EMAS position statement: management of uterine fibroids

Maturitas. 2014 Sep;79(1):106-16. doi: 10.1016/j.maturitas.2014.06.002. Epub 2014 Jun 9.


Introduction: Uterine fibroids (also termed leiomyomas or myomas) are the most common tumors of the female reproductive tract.

Aim: The aim of this position statement is to provide and critically appraise evidence on the management of women with uterine fibroids.

Methods: Literature review and consensus of expert opinion.

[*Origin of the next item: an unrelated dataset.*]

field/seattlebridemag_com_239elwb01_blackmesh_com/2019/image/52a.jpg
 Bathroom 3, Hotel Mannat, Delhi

Results and conclusions: Many uterine fibroids are asymptomatic and require no intervention, although it is advisable to follow up patients to document stability in size and growth. Fibroid-associated symptoms include heavy menstrual bleeding and pain or pelvic discomfort. The association between infertility and fibroids increases with age. Fibroids do not increase the risk of malignant uterine disease and leiomyosarcomas are extremely rare (less than one in 1000). It is unknown at present whether leiomyosarcoma represents de novo growth or malignant transformation from benign uterine fibroids. Treatment options for symptomatic fibroids include pharmacologic, surgical and radiologically guided interventions. The range of medical treatments allows flexible management of fibroid-related symptoms; the options include tranexamic acid, non-steroidal anti-inflammatory drugs, contraceptive steroids, gonadotropin-releasing hormone analogs, antiprogesterone, and selective progesterone receptor modulators. However, these medical options do not remove the tumors and symptoms may return when treatment is stopped. Surgical and radiologically guided procedures may be tailored to age, general health, and individual patient wishes. Hysterectomy is the most effective treatment, although in some cases myomectomy may be sufficient to control symptoms. Alternatives to surgery include uterine artery embolization, myolysis and ablation by high-intensity focused ultrasound (guided with magnetic resonance imaging or ultrasound). The choice of treatment depends on fibroid size, the underlying symptoms and their severity and the woman's desire for subsequent fertility and pregnancy, as well as efficacy and need for repeated interventions.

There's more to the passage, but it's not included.